那身影从模糊变为清晰,我才发现面前是一个未曾见过的女郎,看上去是西方人,一头金发,肌肤如雪,容貌美得毫无瑕疵,穿着某种浅蓝色的制服,像是护士的打扮,看上去年纪不大,目光中充满了自信的神采。
“林勇先生,你醒了?”
女郎用纯正的汉语盈盈地问,声音柔美得如同夜莺。
“我……我在哪里?医院?”
我问。
“算是吧,”
女郎说,“你睡了很长时间。”
我的大脑艰难地转动着,试图回忆之前的事情,但头脑运转得却比老牛拉车还慢,再也找不到之前思维飞驰、精神翱翔的感觉。
我发现自己对于直到图书馆那一夜之前主要的事件还有相对完整的记忆,但那个晚上及第二天的事已经完全记不清楚,只有残缺的碎片。

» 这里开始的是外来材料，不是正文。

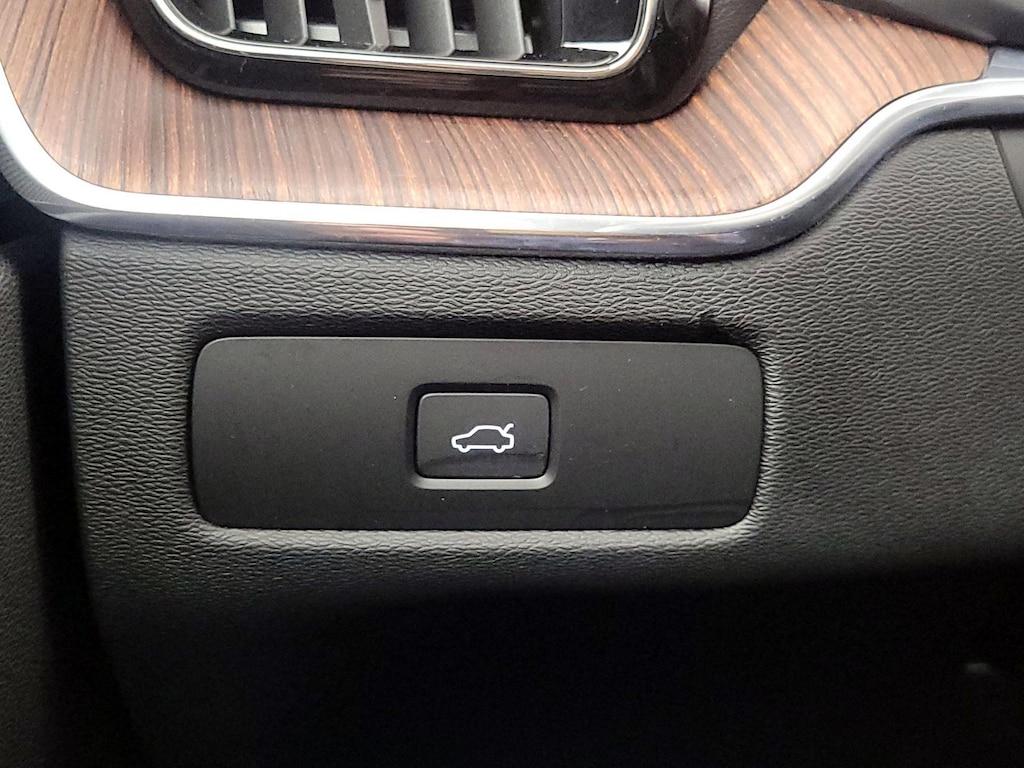 used 2023 Volvo XC60 car, priced at $34,998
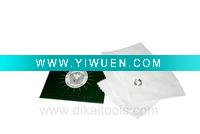 Wholesale Sliver Jewelry Cloth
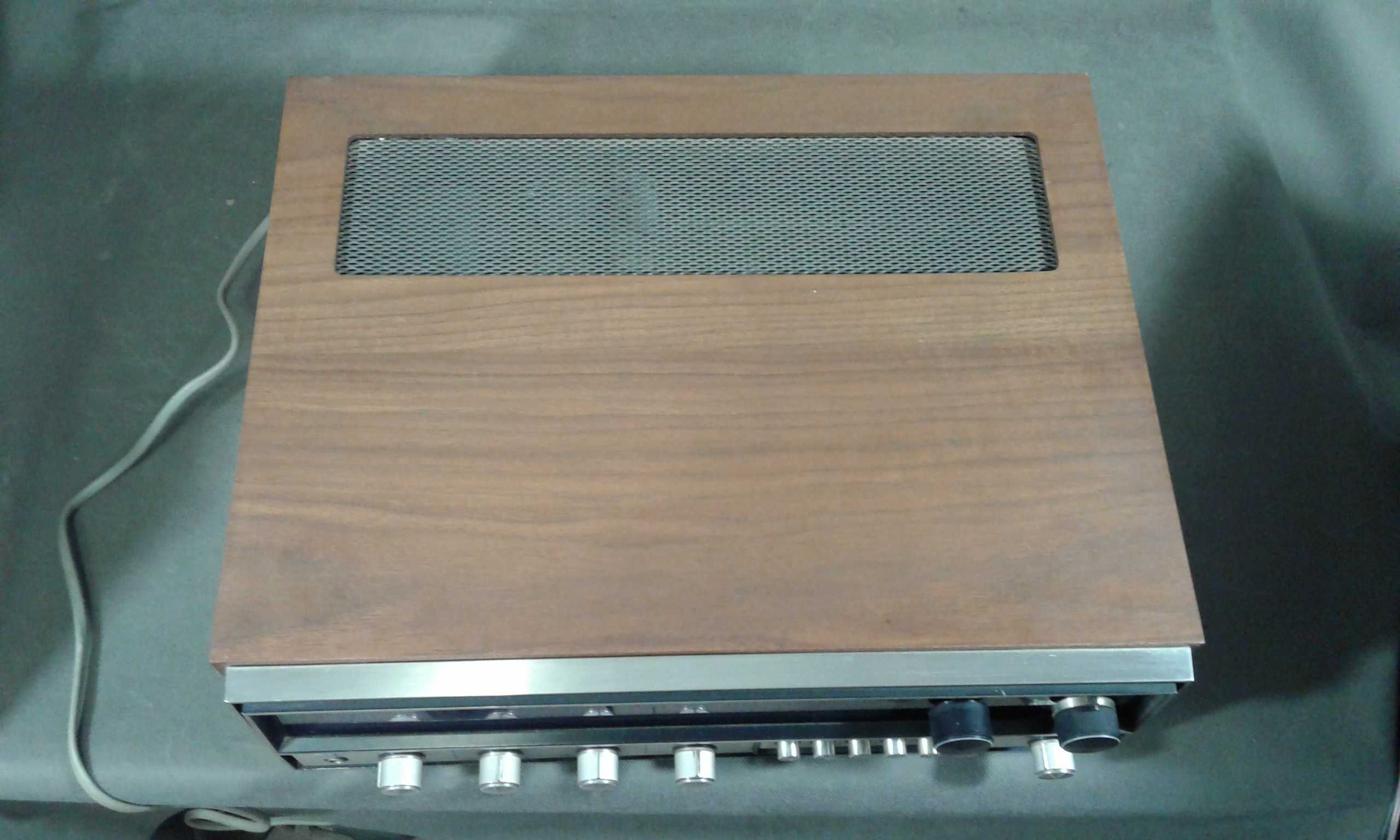 KENOOD KR-5200,amplituner stereo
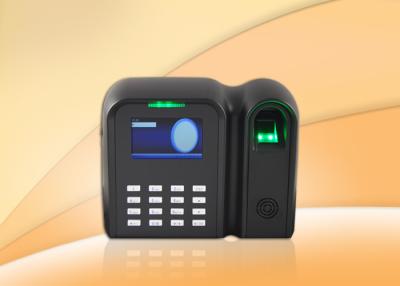 China 220V Fingerprint Attendance System / Fingerprint Attendance Device With Data Encryption for sale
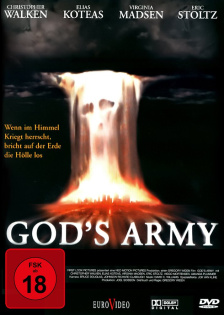 stream God's Army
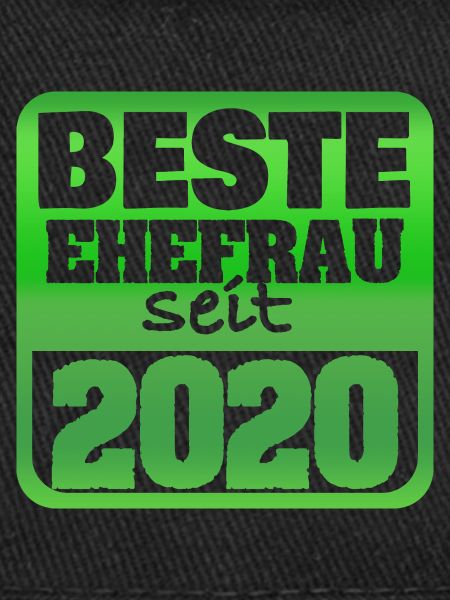Frau 2020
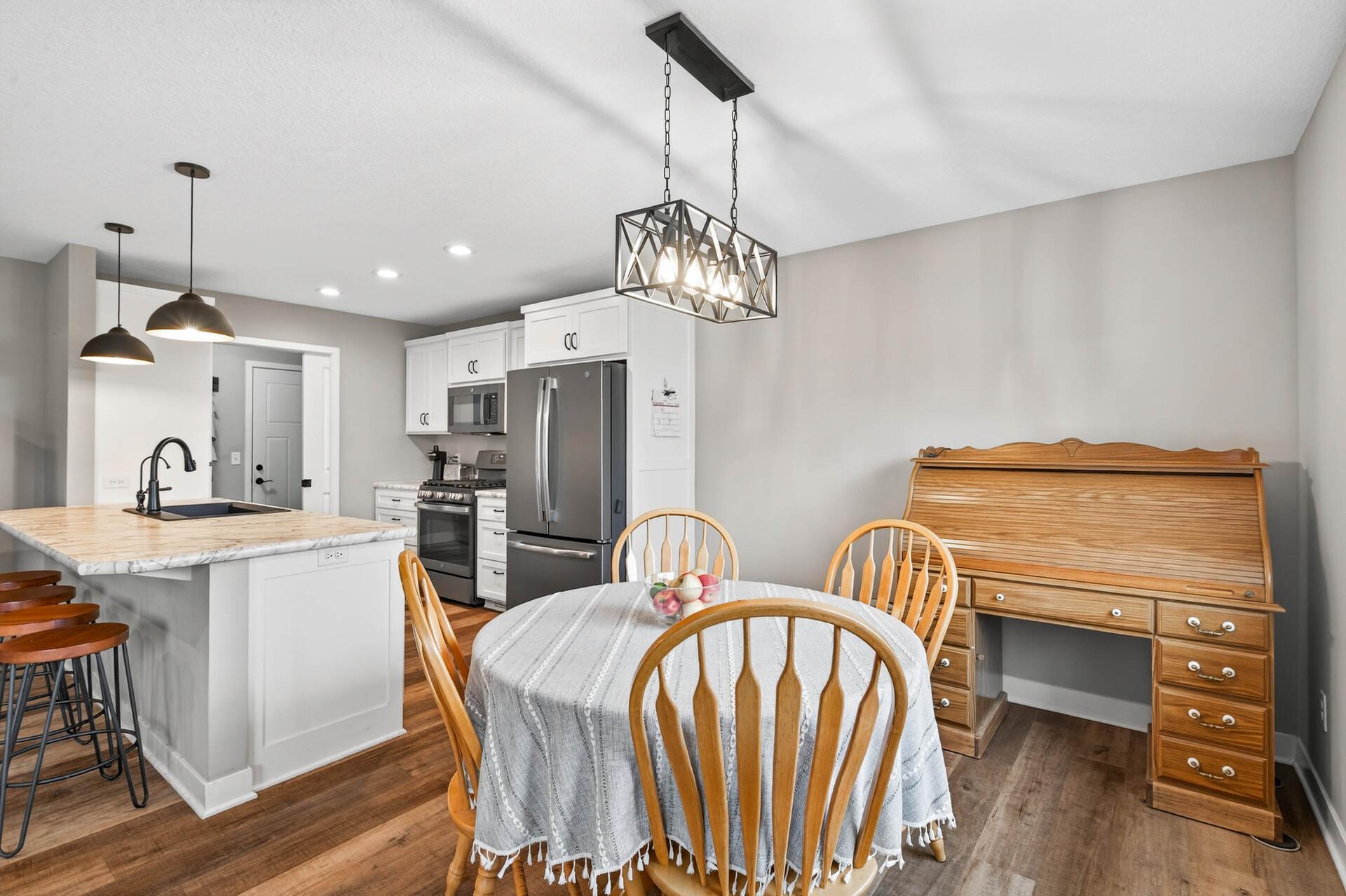 7246 385th Street North Branch, MN 55056 - Photo 8 of 30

我尝试着回忆之前汲取的海量知识,但绝大多数都想不起来,只有一点恍惚的印象,只是表面上还在那里,只要认真去回忆就消失了,宛如一碰就破碎的肥皂泡。
超人的能力已经丧失殆尽,我再次变成了一个普通人。
但我还活着,有正常人的思维,至少目前看上去是这样。
“我昏迷了多久?”
我问,看着周围略感诡异的场景,心中颇有不祥的预感,“几个月?一年?十年?还是—”
我忽然想到,自己现在是否已经变成了一个中年人甚至老人?我抬起自己的手臂,看到臂上仍然皮肤光洁,肌肉饱满,并不像已经过去很多年的样子。
也许我是胡思乱想,也许不过是几天之后。
但是女郎的表情严肃起来:“你要有心理准备,林勇先生,事情可能和你想的完全不同。”
“你先告诉我,现在是什么时候?”
我问。
女郎叹息着,说出了一串日期:“今天是二一七七年六月九日,自从二○二七年六月九日上午十一点半你昏倒之后,已经过去了整整一百五十年。”
我呆了片刻,随即笑了起来:“这算什么?某种玩笑?”
女郎没有回答,向我走来,将一只雪白的手按在了我的胸口。
“你干什么?”
我有些紧张地问。
“别紧张,”
女郎狡黠地一笑,“我为你做个全身检查。”
然后我看到了不可思议的一幕:女郎的整只手没入了我的胸口,只露出手腕。
我大叫一声,惊恐地躲着,但女郎的手也随之延长,一直留在我体内,并上下搅动着。